2. Goedkeuring als bij annuïtaire lening overeengekomen contractuele rente hoger is dan marktconforme rente

Bij leningen die onder het overgangsrecht voor bestaande eigenwoningschulden vallen, geldt de contractuele aflossingsverplichting niet en wordt alleen de in aftrek gebrachte rente gecorrigeerd naar de marktconforme rente. Bij lineaire leningen waarvoor een contractuele aflossingsverplichting geldt, wordt ook alleen de in aftrek gebrachte rente gecorrigeerd naar de marktconforme rente. Bij een lineaire lening wordt namelijk gedurende de looptijd elke maand hetzelfde bedrag afgelost. Het bedrag dat wordt afgelost, hangt af van de hoogte van de hoofdsom en de looptijd en dus niet van de overeengekomen contractuele rente. Ongeacht de hoogte van de rente wordt een lineaire lening contractueel in ten hoogste 360 maanden ten minste annuïtair afgelost. Ik vind dit verschil met annuïtaire leningen die aan de contractuele aflossingsverplichting moeten voldoen, ongewenst. Daarom keur ik het volgende goed met toepassing van artikel 63 van de Algemene wet inzake rijksbelastingen (hardheidsclausule).

Goedkeuring

Ik keur onder de volgende voorwaarde goed dat de annuïtaire lening die door een hoger rentepercentage dan het marktconforme rentepercentage niet voldoet aan de contractuele aflossingsverplichting als eigenwoningschuld wordt aangemerkt mits aan de overige voorwaarden wordt voldaan.

Voorwaarde

Voor deze goedkeuring geldt de voorwaarde dat vanaf het moment dat de omvang van de marktconforme rente is vastgesteld, de overeengekomen contractuele rente en het daarop gebaseerde aflossingsschema zijn aangepast aan de marktconforme rente. Daarbij moet voor de omvang van de lening voor het aangepaste aflossingsschema worden uitgegaan van de omvang van de lening zoals deze op dat moment zou zijn geweest als vanaf het moment van aangaan van de lening een marktconforme rente was overeengekomen.
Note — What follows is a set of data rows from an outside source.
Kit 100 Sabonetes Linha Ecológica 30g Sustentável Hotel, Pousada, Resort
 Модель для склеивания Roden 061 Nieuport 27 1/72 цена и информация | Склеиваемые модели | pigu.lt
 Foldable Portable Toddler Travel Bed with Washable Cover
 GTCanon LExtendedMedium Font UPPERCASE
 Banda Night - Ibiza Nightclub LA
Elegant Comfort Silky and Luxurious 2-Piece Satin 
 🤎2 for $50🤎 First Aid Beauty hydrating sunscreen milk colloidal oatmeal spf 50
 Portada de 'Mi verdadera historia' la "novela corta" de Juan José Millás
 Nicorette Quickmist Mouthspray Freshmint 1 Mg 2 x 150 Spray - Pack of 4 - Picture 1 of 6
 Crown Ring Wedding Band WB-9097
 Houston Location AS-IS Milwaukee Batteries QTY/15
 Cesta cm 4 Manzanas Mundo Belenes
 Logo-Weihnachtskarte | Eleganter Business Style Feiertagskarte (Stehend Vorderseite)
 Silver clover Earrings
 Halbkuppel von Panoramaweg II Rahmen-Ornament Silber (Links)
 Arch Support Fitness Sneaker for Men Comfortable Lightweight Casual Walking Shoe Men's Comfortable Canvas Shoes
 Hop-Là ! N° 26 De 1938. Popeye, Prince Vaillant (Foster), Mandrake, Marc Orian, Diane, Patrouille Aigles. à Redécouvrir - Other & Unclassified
De marktconforme rente is vastgesteld op het moment dat de aanslag inkomstenbelasting met daarin de eigenwoningschuld met het marktconforme rentepercentage onherroepelijk vaststaat. Komt de aanslag waarin de marktconforme rente aan de orde is door een uitspraak van de Hoge Raad onherroepelijk vast te staan? Dan heeft de belastingplichtige nog zes weken vanaf de uitspraak van de Hoge Raad de tijd om de overeengekomen contractuele rente en het daarop gebaseerde aflossingsschema aan te passen. De inspecteur kan op verzoek van de belastingplichtige de termijn verlengen waarbinnen de overeengekomen contractuele rente en het daarop gebaseerde aflossingsschema moeten zijn aangepast.

Gevolgen goedkeuring

Met deze goedkeuring wordt de annuïtaire lening aangemerkt als eigenwoningschuld vanaf het moment van aangaan van de lening tot aan het moment dat de marktconforme rente via de aanslag inkomstenbelasting onherroepelijk is vastgesteld. De lening moet gedurende die periode wel voldoen aan de overige voorwaarden van artikel 3.119a, eerste lid, Wet IB 2001 voor kwalificatie als eigenwoningschuld. Uitsluitend de marktconforme eigenwoningrente wordt in aftrek toegestaan.

Voorbeeld

De belastingplichtige is op 1 maart 2020 bij zijn ouders een lening van € 320.000 aangegaan voor de aankoop van zijn woning. In de overeenkomst van de lening is vastgelegd dat de lening gedurende de looptijd van 360 maanden annuïtair wordt afgelost en een rente van 9% per jaar heeft. De inspecteur heeft de rente gecorrigeerd naar 4,5% en daarbij als voorwaarde gesteld dat de belastingplichtige de contractueel overeengekomen rente en het daarop gebaseerde aflossingsschema aanpast binnen zes weken nadat de marktconforme rente is vastgesteld. De omvang van de marktconforme rente is op 19 oktober 2022 in de aanslag inkomstenbelasting over 2020 vastgesteld op 4,5%. Op 30 november 2022 is deze aanslag onherroepelijk komen vast te staan. Op 30 november 2022 is de omvang van de lening € 313.483, terwijl deze op basis van een rente van 4,5% € 305.227 zou zijn. Om gebruik te kunnen maken van de goedkeuring moet de overeengekomen contractuele rente en het daarop gebaseerde aflossingsschema uiterlijk op 30 november 2022 zijn aangepast aan de marktconforme rente van 4,5%, waarbij voor de omvang van de lening moet worden uitgegaan van € 305.227. In dat geval wordt de lening voor een bedrag van € 305.227 aangemerkt als eigenwoningschuld. Voor zover het resterende bedrag van de lening van € 8.256 (€ 313.483 – € 305.227) nog bestaat, valt deze lening in box 3.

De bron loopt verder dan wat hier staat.